Imagine that you were one of the twelve men who spent three-and-a-half years following Jesus, seeing His every miracle and listening to His every word. Near the end of those years, you celebrate an annual feast with Him known as “Passover” that you’ve celebrated every year of your life and that has been part of your culture for hundreds of years.

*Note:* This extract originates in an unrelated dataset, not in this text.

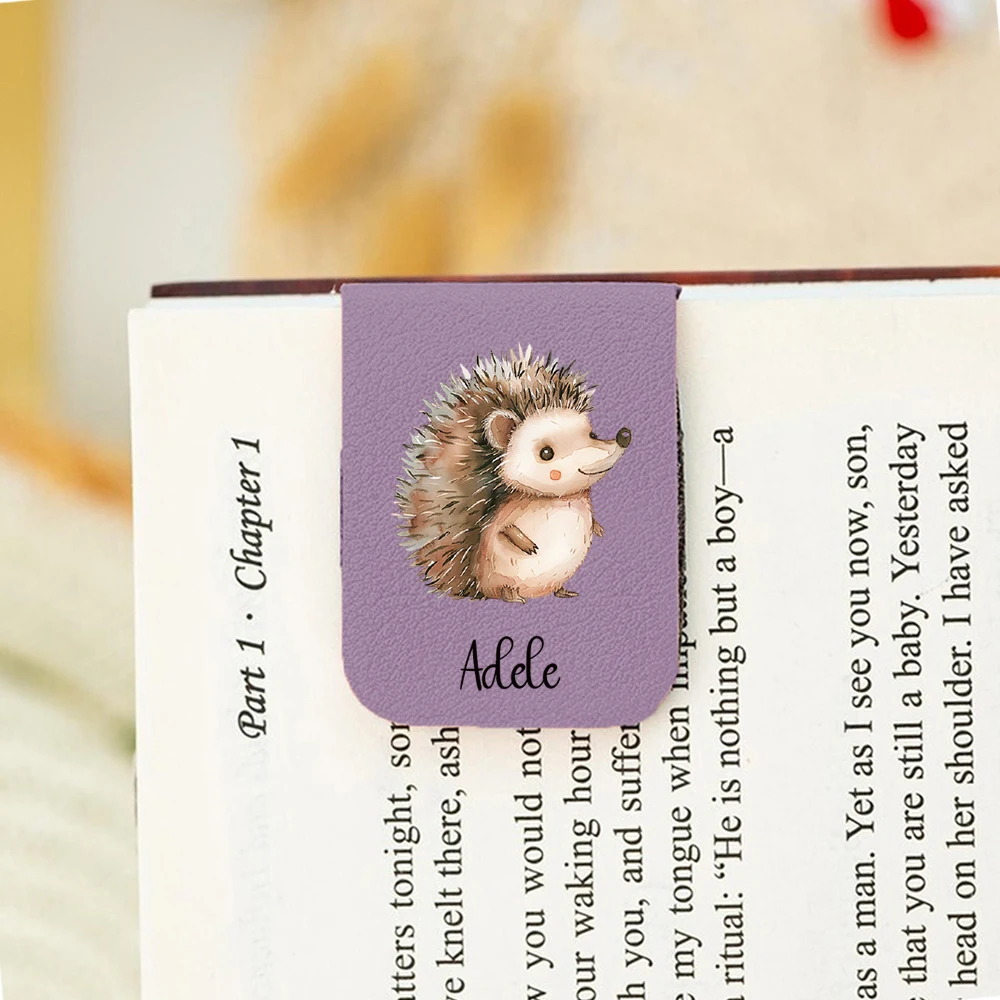 1PC Cool Little hedgehog Customizable Name UV Print Aqua Blue Leather Book Clip For Educational Supplies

At some point during that meal, imagine Jesus taking some of the bread (probably unleavened), blessing and breaking it, and then giving everyone pieces to eat, which He explains is “My body which is given for you” (Luke 22:19; 1 Cor. 14:24). He also tells everyone that they should do this in His remembrance (Luke 22:19). Finally, imagine Him then taking a cup of wine, giving thanks, and then similarly passing it around as He explains that it “is My blood of the covenant, which is poured out for many for forgiveness of sins” (Matt. 26:28). What would you have been thinking? Years later, the apostle Paul would retell that story and its significance:
For I received from the Lord that which I also delivered to you, that the Lord Jesus in the night in which He was betrayed took bread; and when He had given thanks, He broke it and said, “This is My body, which is for you; do this in remembrance of Me.” In the same way He took the cup also after supper, saying, “This cup is the new covenant in My blood; do this, as often as you drink it, in remembrance of Me.” For as often as you eat this bread and drink the cup, you proclaim the Lord’s death until He comes (1 Cor. 11:23-26).
Clearly, from what both Jesus and Paul said, the central symbolism of the Lord’s Supper revolves around Jesus’ sacrificial death. His body was broken and His blood was shed. And clearly, Jesus wanted all of His disciples to remember His sacrificial death, perpetually into the future, in the bread and wine. All Christians agree on those fundamental facts.